What you are asked to do:
Starting at the first line, copy the data below through to the end, exactly.

[Scraped caption text data]
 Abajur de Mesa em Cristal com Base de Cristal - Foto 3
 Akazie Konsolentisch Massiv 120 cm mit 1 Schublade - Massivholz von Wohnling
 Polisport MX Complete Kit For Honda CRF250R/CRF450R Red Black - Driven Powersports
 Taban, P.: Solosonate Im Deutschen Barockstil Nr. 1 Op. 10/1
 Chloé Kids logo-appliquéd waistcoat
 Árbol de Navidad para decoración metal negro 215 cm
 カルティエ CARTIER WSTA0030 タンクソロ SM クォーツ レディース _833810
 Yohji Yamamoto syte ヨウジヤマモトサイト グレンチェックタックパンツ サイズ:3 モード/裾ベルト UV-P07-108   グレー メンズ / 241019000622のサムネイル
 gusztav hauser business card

Response:
 Abajur de Mesa em Cristal com Base de Cristal - Foto 3
 Akazie Konsolentisch Massiv 120 cm mit 1 Schublade - Massivholz von Wohnling
 Polisport MX Complete Kit For Honda CRF250R/CRF450R Red Black - Driven Powersports
 Taban, P.: Solosonate Im Deutschen Barockstil Nr. 1 Op. 10/1
 Chloé Kids logo-appliquéd waistcoat
 Árbol de Navidad para decoración metal negro 215 cm
 カルティエ CARTIER WSTA0030 タンクソロ SM クォーツ レディース _833810
 Yohji Yamamoto syte ヨウジヤマモトサイト グレンチェックタックパンツ サイズ:3 モード/裾ベルト UV-P07-108   グレー メンズ / 241019000622のサムネイル
 gusztav hauser business card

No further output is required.